While the GDP drop — an astounding 32.9% when annualized — was widely anticipated at this point, the jobless claim figure was not. The almost 900,000 increase in the number of people claiming continued benefits provides the latest evidence that the nascent recovery from the collapse is being undermined by the resurgence of the virus across much of the U.S.
That’s particularly visible in rising continued claims from California, the most populous state, that may reflect renewed shutdowns and job losses. These figures indicate that even though third-quarter GDP could very well show a sharp initial rebound and give the appearance of a strong recovery, the gains could be short-lived.
And the outlook may get even worse. Crucial lifelines in the pandemic, like the extra $600 in weekly unemployment benefits, are expiring, and lawmakers have made little progress on agreeing to another stimulus package. Support from Congress has buoyed the economy in recent months, and further action will be critical in determining the path of the recovery.
“You’ve got this triple whammy coming through,” said James Knightley, chief international economist at ING Financial Markets. “One is the fear factor from Covid-19 on the rise and how that changes people’s behavior. Secondly, you’ve got unemployment rising because states are reversing course on their reopenings. And then, third, you’ve got the income squeeze” with expiring benefits.
All of this is bad news for President Donald Trump, who was already trailing his rival, Democrat Joe Biden, in polls ahead of the Nov. 3 election. Minutes after the GDP report was released, Trump suggested in a tweet that the vote be delayed until the pandemic eases and people can “safely vote” in person rather than by mail.

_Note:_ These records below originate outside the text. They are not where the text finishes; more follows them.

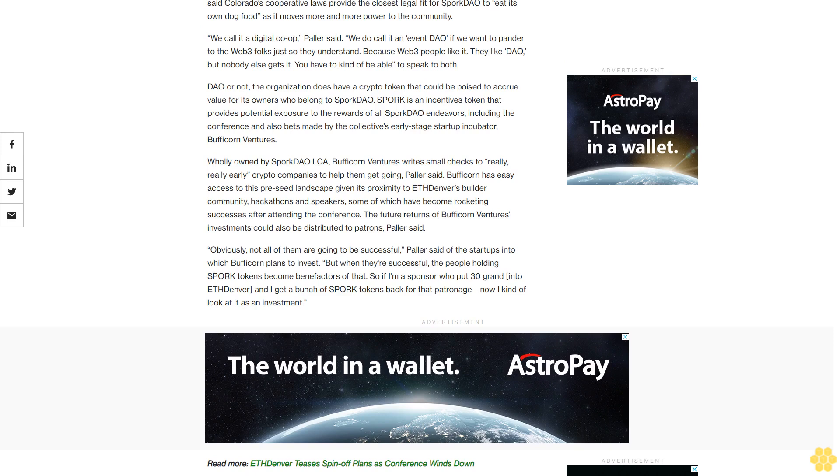Obviously, not all of them are going to be successful, Pollard said of the startups into which Bufficorn plans to invest. But when they are successful, the people holding Spork tokens become benefactors of that. So if I'm a sponsor who put 30 grand into ETH Denver and I get a bunch of Spork tokens back for that patronage, now I kind of look at it as an investment.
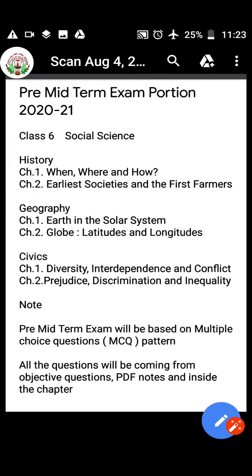From History: Chapter 1 - When, Where and How; Chapter 2 - Earlier Society and the First Farmers. From Geography: Chapter 1 - Earth in the Solar System; Chapter 2 - Globe, Latitudes and Longitudes.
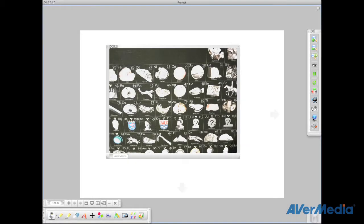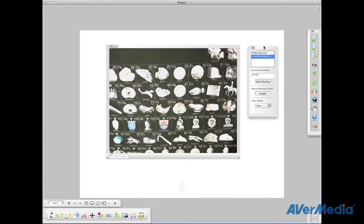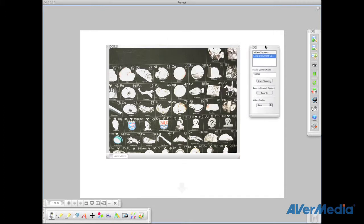To share your document camera, click on the network icon. In the window, click on Start Sharing. If you would like to share the document camera features, select Enable.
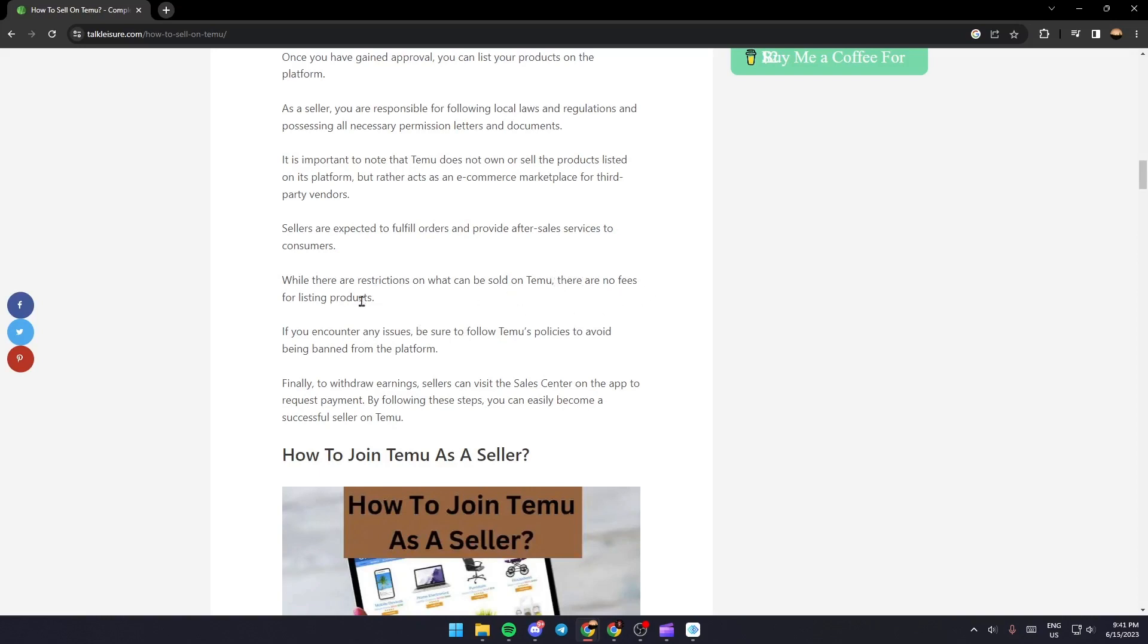If you encounter any issues, be sure to follow Temu's policies to avoid being banned from the platform. Finally, to withdraw earnings, sellers can visit the sales center on the app to request payments by following these steps.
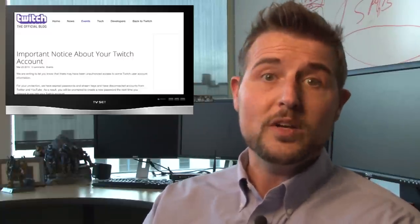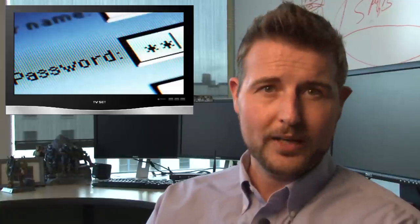So if you're a Twitch user, you'll definitely have to go and reset your account on Twitch.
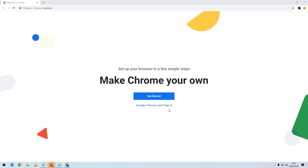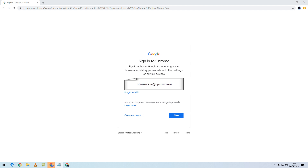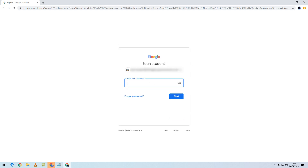You will now see a screen asking you to sign in. Select the Sign In button and type in the name of that user. Click Next, type in that user's password, and select Next.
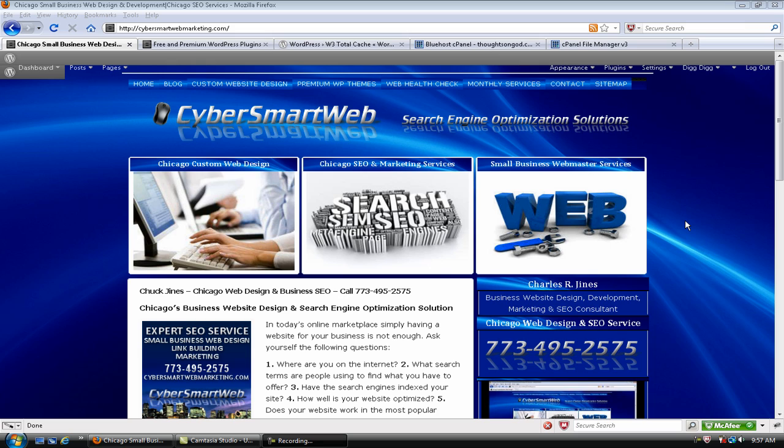Good Saturday morning! This is Chuck with CyberSmartWeb with part two of the W3 Total Cache Plugin Install.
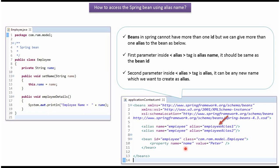This is the Spring configuration file. Here we have mentioned that the employee object should be created by the Spring container and the name property should be set as Peter.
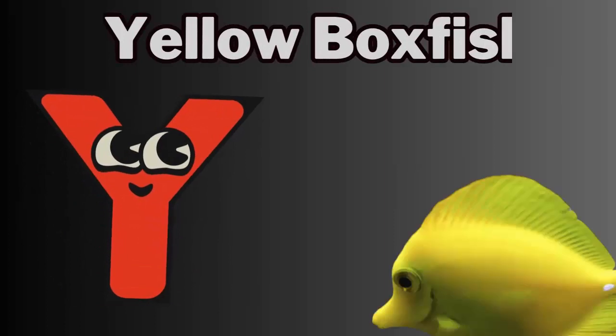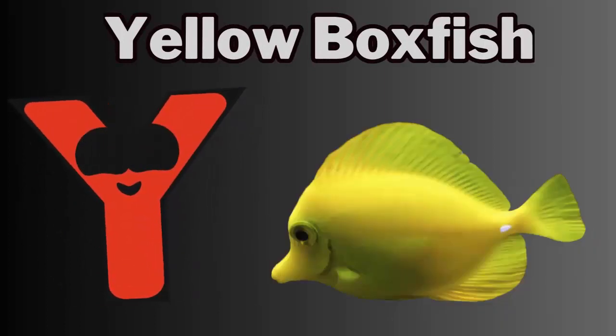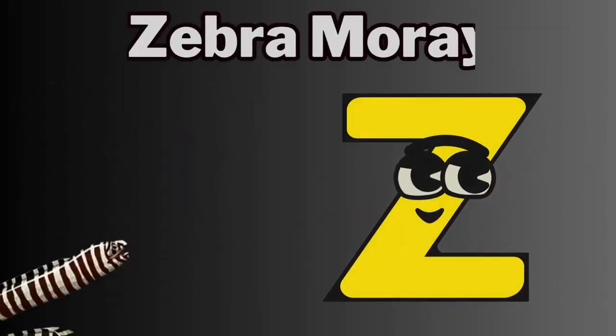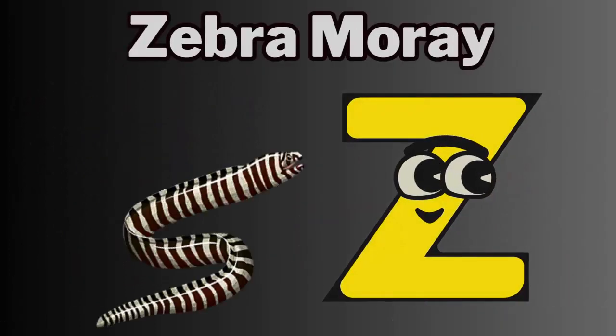Y. Y for yellow boxfish. Z. Z for zebra moray.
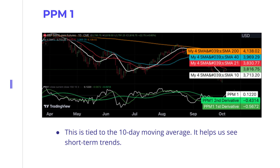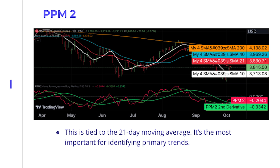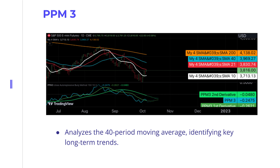PPM 1 is tied to the 10-day moving average — it helps us see short-term trends. PPM 2 is tied to the 21-day moving average and is the most important for identifying primary trends. PPM 3 is tied to the 40-day moving average and shows us the longer-term trends.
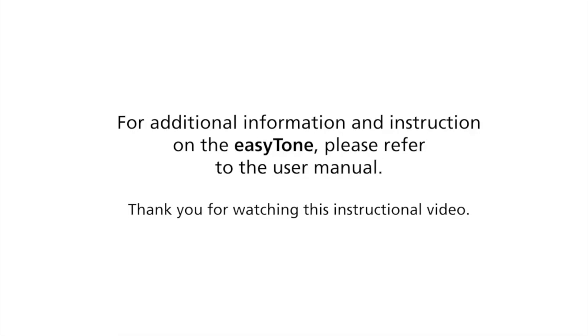For additional information and instruction on the EasyTone, please refer to the user manual. Thank you for watching this instructional video.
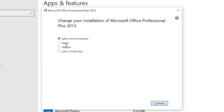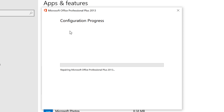Now click on Repair and click on Continue. Wait till the process is complete and it will repair all the errors regarding your Microsoft Office including Microsoft Excel. After this process, restart your PC and open Microsoft Excel.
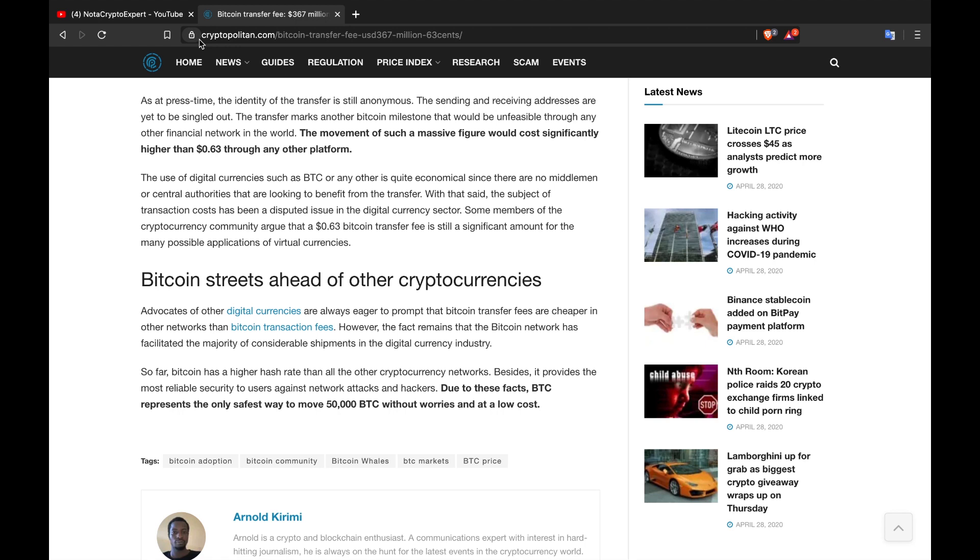The use of digital currencies such as Bitcoin or any other is quite economical since there are no middlemen or central authorities that are looking to benefit from the transfer. With that said, the subject of transaction costs has been a disputed issue in the digital currency sector. Some members of the cryptocurrency community argue that 63 cent Bitcoin transfer fee is still a significant amount for the many possible applications of virtual currencies.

While Trump doesn’t have the authority to make such a decision — only Congress does and its leaders immediately rejected the idea — the tweet in part underscores the angst of a president who saw a decade-long economic expansion end abruptly under his watch. U.S. stocks sank after Thursday’s economic data, though it’s still up more than 40% from its pandemic low in March.
In addition to the continuing-claims figures, initial filings for benefits rose slightly last week to 1.43 million, the second straight increase and still more than double the worst week during the last recession. Seasonal adjustments are making the numbers trickier to interpret, however — unadjusted initial claims actually fell for a second week to the lowest of the pandemic.
Even so, the claims figures join other high-frequency data on mobility and shifts worked, the kinds of numbers that have caught the concern of Federal Reserve Chairman Jerome Powell and his colleagues, who reiterated Wednesday they will keep interest rates near zero for the foreseeable future.